Justices strike down Arizona voting law
The Supreme Court’s 7-2 decision is a win for liberals who hope to expand access to the polls and a loss for conservatives who are concerned about potential election fraud.
State’s proof of citizenship requirement goes beyond federal law, Supreme Court says, but adds that states can petition for changes.
WASHINGTON The Supreme Court handed a victory to voting rights groups Monday by saying Arizona cannot add to federal voter registration requirements by demanding proof of citizenship.
At the same time, however, the court spelled out how the state and others that favor stiffer voter registration rules can try to go beyond the more lenient federal law. And its decision could be overshadowed this year and next by more sweeping civil rights decisions in the areas of voting, education and housing.
Within the next 10 days, the justices are slated to render judgment on college affirmative-action programs and a landmark federal law’s requirement that certain states with a history of discrimination check any proposed voting changes with the federal government. On Monday, they agreed to hear a new case that could make it harder to prove housing discrimination.
The Arizona ruling, which could affect other states, is at first blush a victory for liberals who want to expand access to the polls and a defeat for conservatives more concerned about potential election fraud.
In a 7-2 decision written by Justice Antonin Scalia, the court said Arizona’s proof of citizenship requirement went too far beyond the 1993 federal “motor voter” law that was designed to simplify voter registration procedures.
The federal law requires registrants to claim U.S. citizenship on a mail-in postcard, under penalty of perjury. The Arizona law requiring separate physical proof of citizenship was approved by voters in 2004.
During the next three years, more than 30,000 people were turned away for failing to provide documentation, and voter registration dropped by 44% in Maricopa County, which includes Phoenix.

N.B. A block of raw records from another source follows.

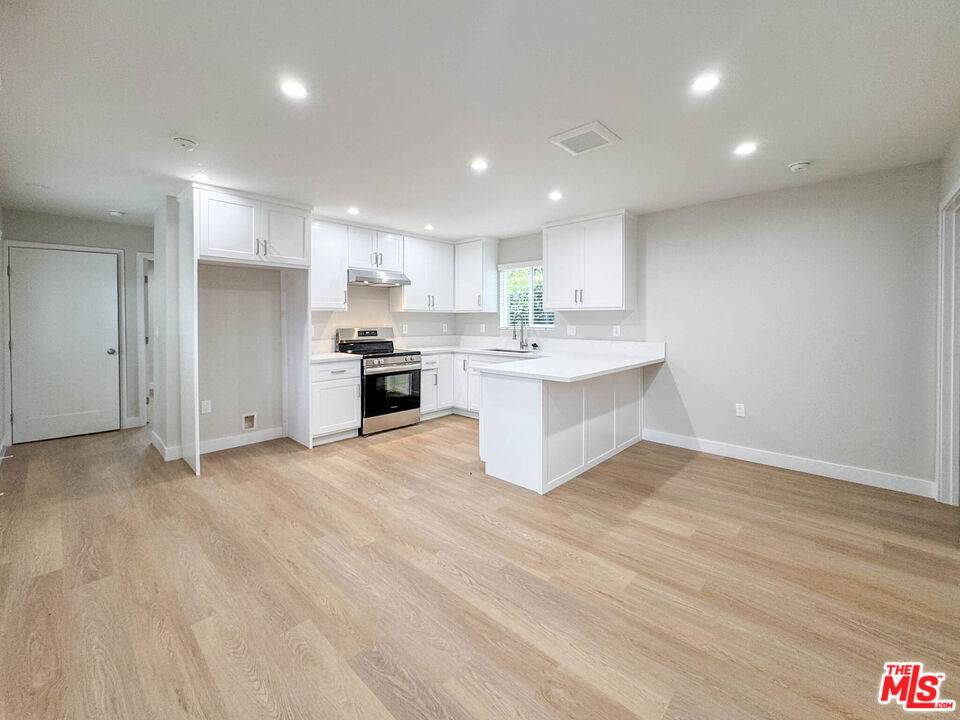 Long Beach, CA 90814,316 Ximeno AVE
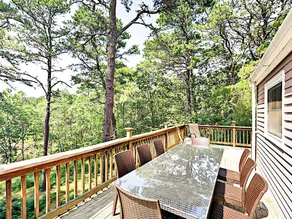 5br On 3 Acres W/ Deck, Near Beaches 5 Bedroom Home - Image 5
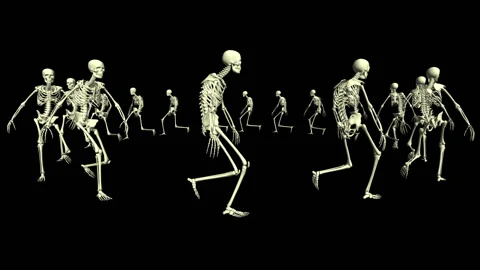 Skeleton marching in a circle Vídeo Stock 160684883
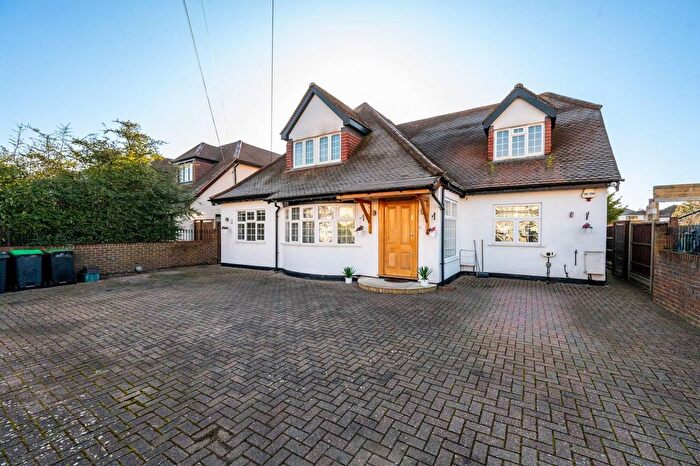 5 Bedroom Detached House To Rent In Thetford Road, New Malden, KT3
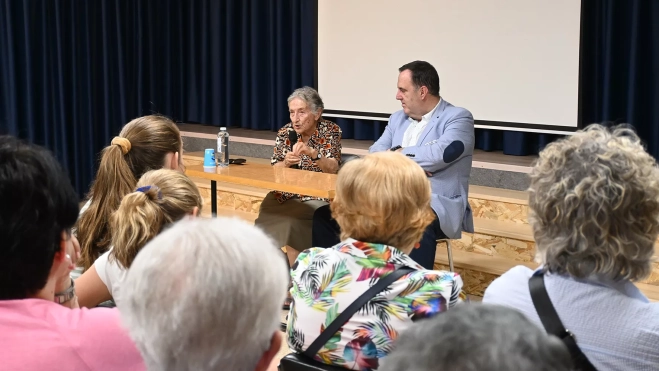 María Teresa Añaños durante la conferencia. Foto Carlos Jalle María Teresa Añaños durante la conferencia. Foto Carlos Jalle
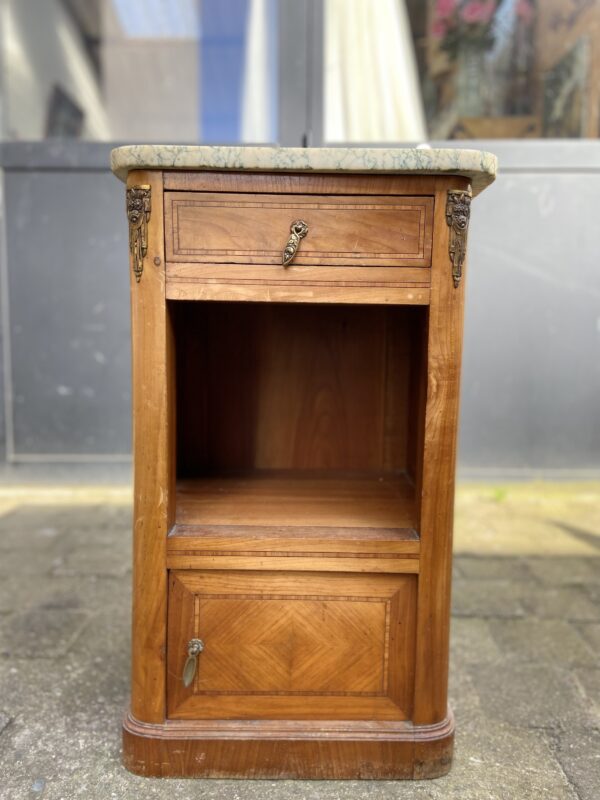 Ancienne table de chevet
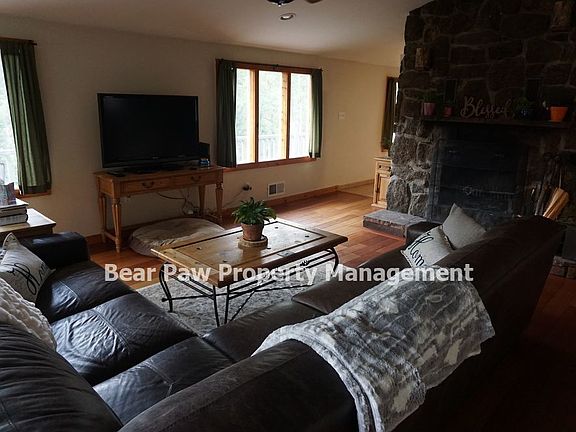 4th image of 32174 Upper Bear Creek Rd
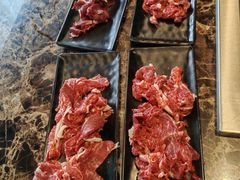 -牛里牛气· 榴莲海鲜鲜牛肉自助火锅·烤肉(横岗店)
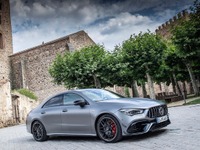 メルセデスベンツ CLA 新型に頂点、421馬力の「AMG45」…欧州発売へ 画像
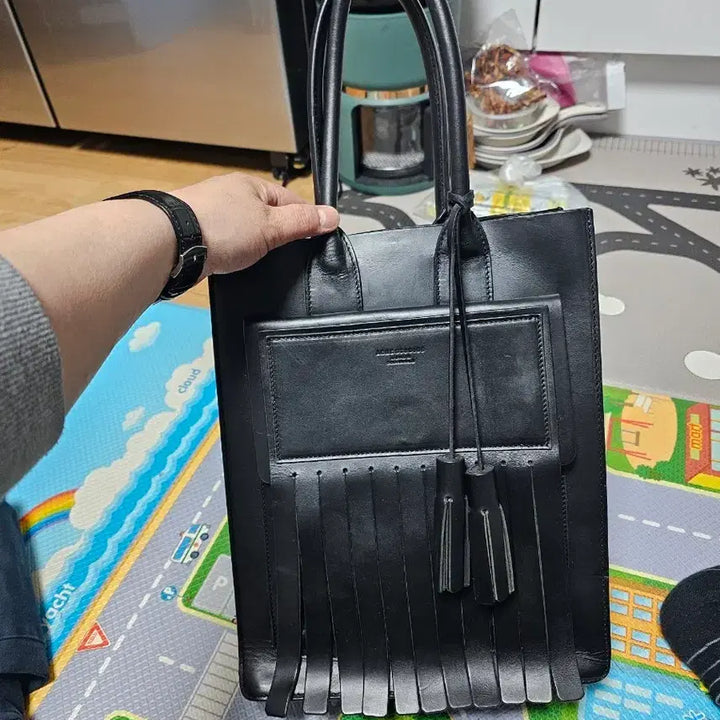 [BUNJANG] Acne Studios Black Fringe Tote Bag / 아크네 스튜디오 블랙 프린지 토트백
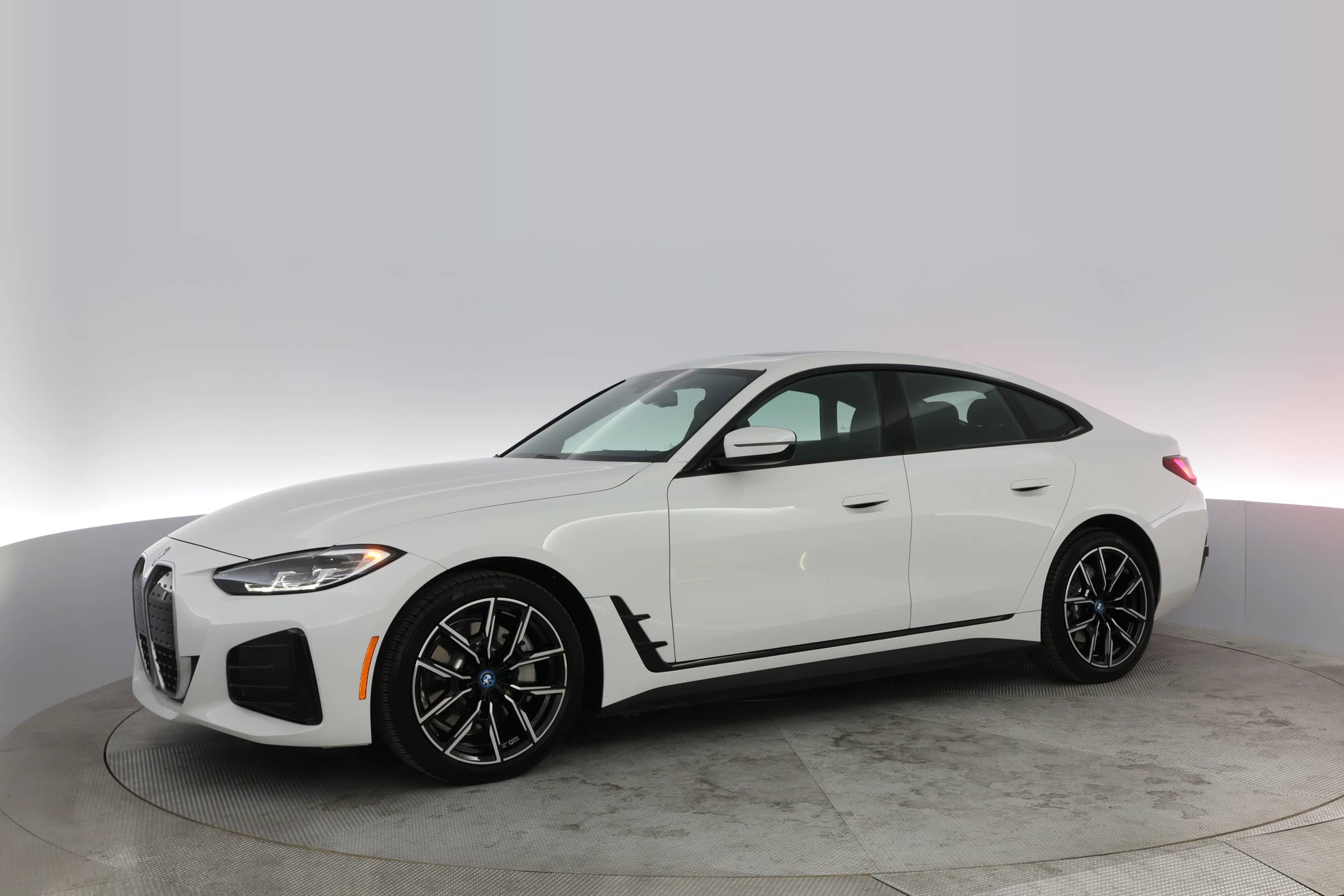 EverCars Co. vehicle image 11 for BMW i4 -  eDrive40 M Sport Line on EverCars Co.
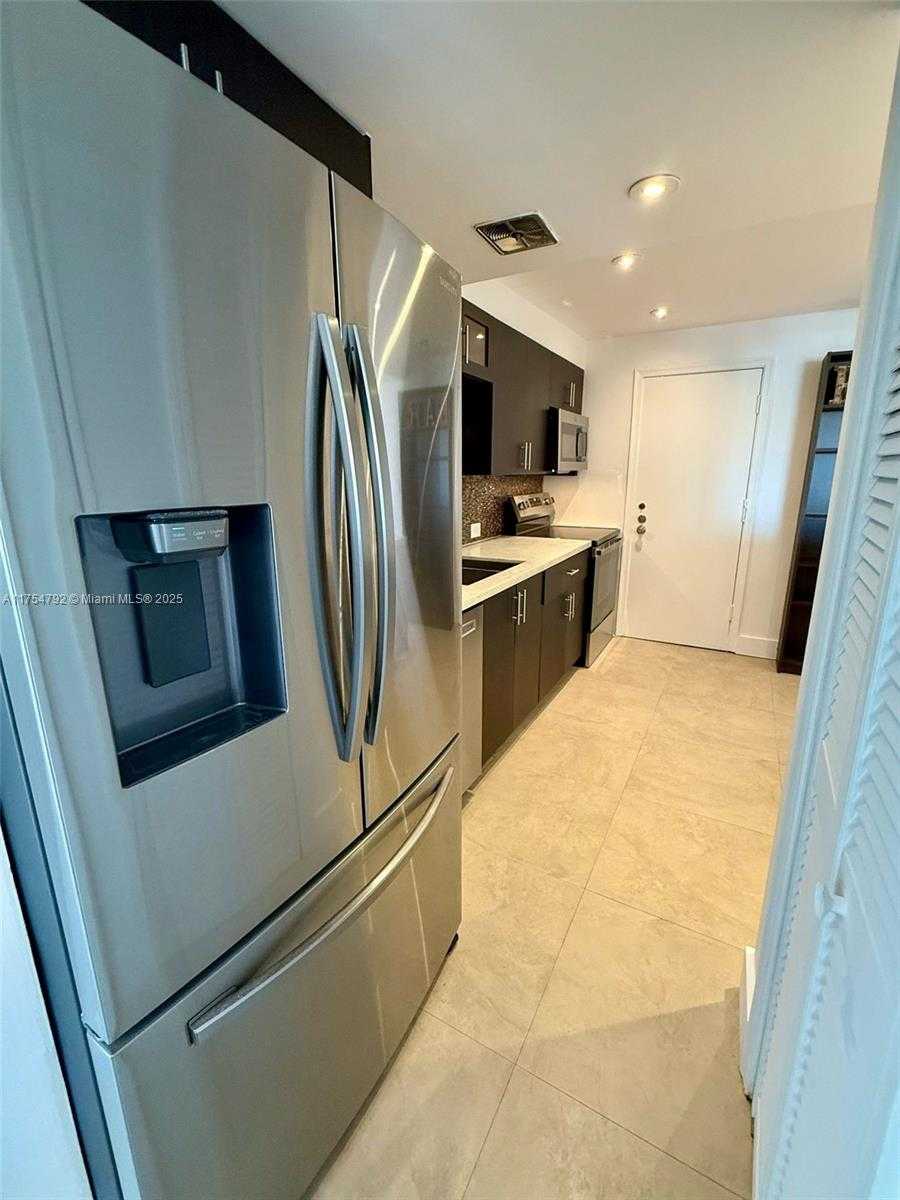 Small Image of 1080 94TH ST #602, Bay Harbor Islands Number 5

While the decision upholds congressional authority over federal elections, it specifies that states can petition for changes and challenge adverse rulings — likely portending future lawsuits. The ruling “gave us a path to victory,” state Attorney General Tom Horne said. “It’s just a delay in our winning.”
The federal law “forbids states to demand that an applicant submit additional information beyond that required by the federal form,” Scalia said in announcing his decision.
His customary soulmate on the right, Justice Clarence Thomas, argued in dissent that the Constitution gives states the authority to determine voters’ qualifications, and the federal law cannot countermand it.
The verdict came a year after the court issued a split decision on Arizona’s first-in-the-nation immigration law. The court tossed out several provisions designed to crack down on illegal immigrants but upheld the most controversial one — allowing police to check immigration papers while enforcing other laws.
Three other states — Alabama, Georgia and Kansas — require proof of citizenship before residents can register to vote, while Tennessee has a less stringent version. About 30 states have voter ID requirements at the polls, designed to thwart impostors seeking to cast illegal ballots.
“States cannot block their citizens from registering to vote by superimposing burdensome paperwork requirements.”
Nina Perales, MALDEF
The ruling was hailed by votingrights groups. “Today’s decision sends a strong message that states cannot block their citizens from registering to vote by superimposing burdensome paperwork requirements on top of federal law,” said Nina Perales, vice president of litigation for the Mexican American Legal Defense and Educational Fund (MALDEF).
The case represents the lesser of two voting rights cases before the court this term. Far more significant is Shelby County v. Holder, an Alabama county’s challenge to the landmark Voting Rights Act of 1965. The law requires mostly Southern states with a history of discrimination to clear proposed voting changes with the federal government before implementing them. Arizona is one of those states.
“It is our hope that the court will continue in this vein when it issues the Shelby v. Holder decision,” said Barbara Arnwine, president of the Lawyers Committee for Civil Rights under Law. “It would be a false promise for today’s decision to promise equal access to the ballot and for an adverse ruling in Shelby to snatch this away.”
That case and the challenge to the University of Texas’ affirmative action policy have made racial and ethnic rights a dominant theme for the court this term. On Monday, the justices assured race will be back on the agenda next term by agreeing to consider a New Jersey township’s challenge to the Fair Housing Act of 1968.
The housing case is similar to one from St. Paul that the court previously agreed to consider before the city, at the urging of the Obama administration, dropped its appeal. It involves the effort by Mount Holly, N.J., to demolish predominately black low-income housing and replace it with pricier homes.
Lower courts have ruled that minority groups need only prove they are disparately affected, not that the intent was to discriminate. But the justices agreed to hear Mount Holly’s appeal, creating the potential that they could set a higher standard for housing-discrimination lawsuits.
That case is as important in terms of housing policy as the Alabama and Texas cases now pending before the court are for education and voting rights, said Jon Greenbaum, legal director for the lawyers committee and one of the winning attorneys in the Arizona case.
“The stakes are high,” Greenbaum said.